But Heidi Brotzman, community coalition coordinator of Prevention is Key and coordinator of the 2012 Town Hall Meeting, believes that SNAP™ had the biggest impact on participating parents. SNAP is an automatic audience polling system that displays audience responses to multiple-choice questions on-screen for all to see. Following the panelists’ initial presentations, parents answered the system’s questions, and panelists then responded to the polling results. For example, when asked if parents are the best source of information and guidance for their children about alcohol, 74 percent of parents responded negatively; this result prompted a panelist to cite research showing that parents can be the most powerful influence on teens’ decisions about alcohol. While an encouraging 94 percent of parents responded that they did not think it was okay for their children to drink with their friends, 50 percent acknowledged that they had never discussed the issue with their teens or set clear family rules about alcohol for them.
Live polling of the Town Hall Meeting audience had important results. It provided Prevention is Key with a sampling of parental knowledge and attitudes relating to teens and alcohol, which will help the coalition shape future actions and messages. Also, as local schools learned about the results of the polling exercise, they allowed Prevention is Key easier access to their data about student alcohol problems; the coalition’s partnership with Students Against Destructive Decisions also played an important role in attaining this access.

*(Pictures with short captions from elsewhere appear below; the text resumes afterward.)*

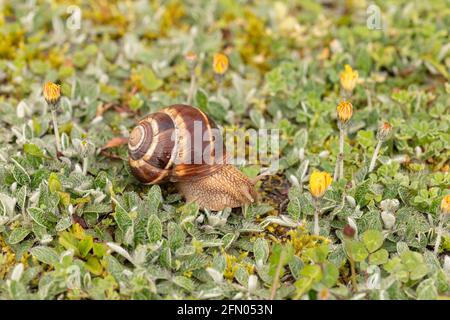 Burgunder Schnecke (Helix pomatia) Auf nassem Gras im Frühjahr in Frankreich Stockfoto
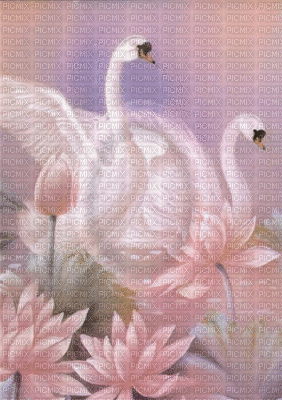 fond rose. - Free animated GIF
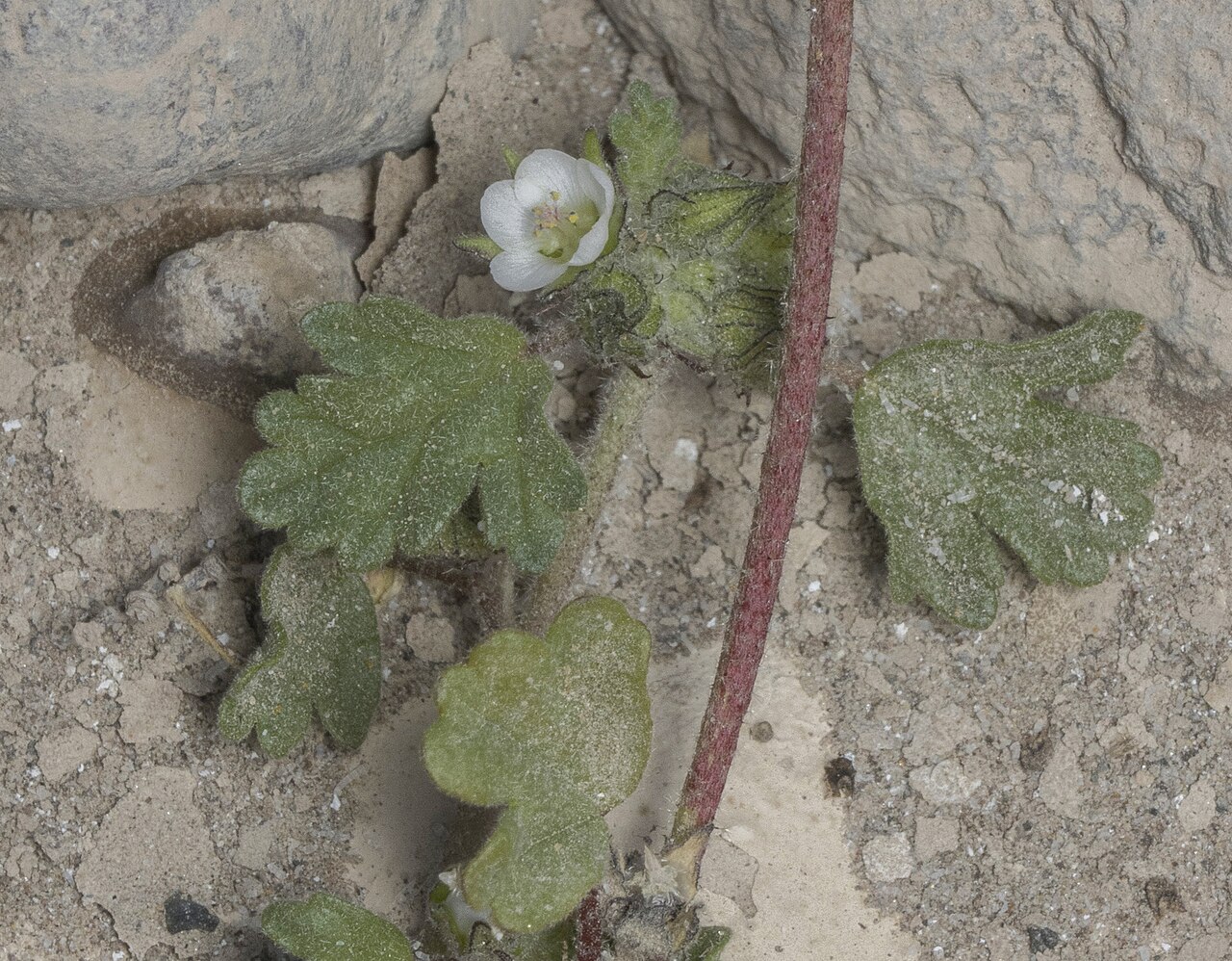 Tarasa tarapacana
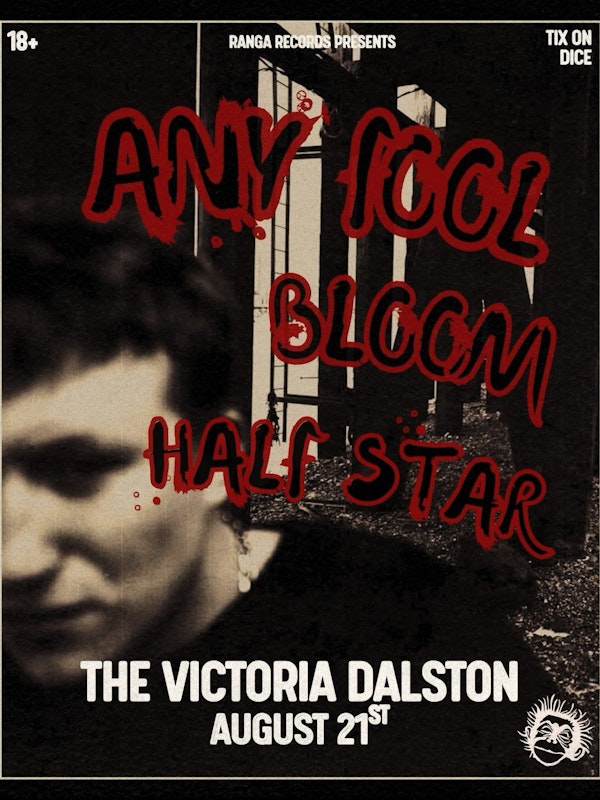 Any Fool, Bloom, Half Star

Morris County Prevention is Key pinpoints the use of its prevention resources in meeting the varied needs of the county’s many municipalities. In September 2013, its innovative program New Social Engine, which is dedicated to reducing the harm from substance abuse and targets students at three New Jersey colleges, received a 2013 National Exemplary Award for Innovative Substance Abuse Prevention Programs, Practices, and Policies.
To fine-tune its plans for the 2014 underage drinking prevention Town Hall Meetings, sponsored by the Substance Abuse and Mental Health Services Administration, Prevention is Key organized separate focus groups for parents and teens in Randolph, scheduled to take place during October 2013. “These Town Hall Meetings have always been an important way for us to deliver information to our community,” says Brotzman. “They still are, but now they are becoming an equally valuable way for the community to give us information we need to make what we do even more effective.”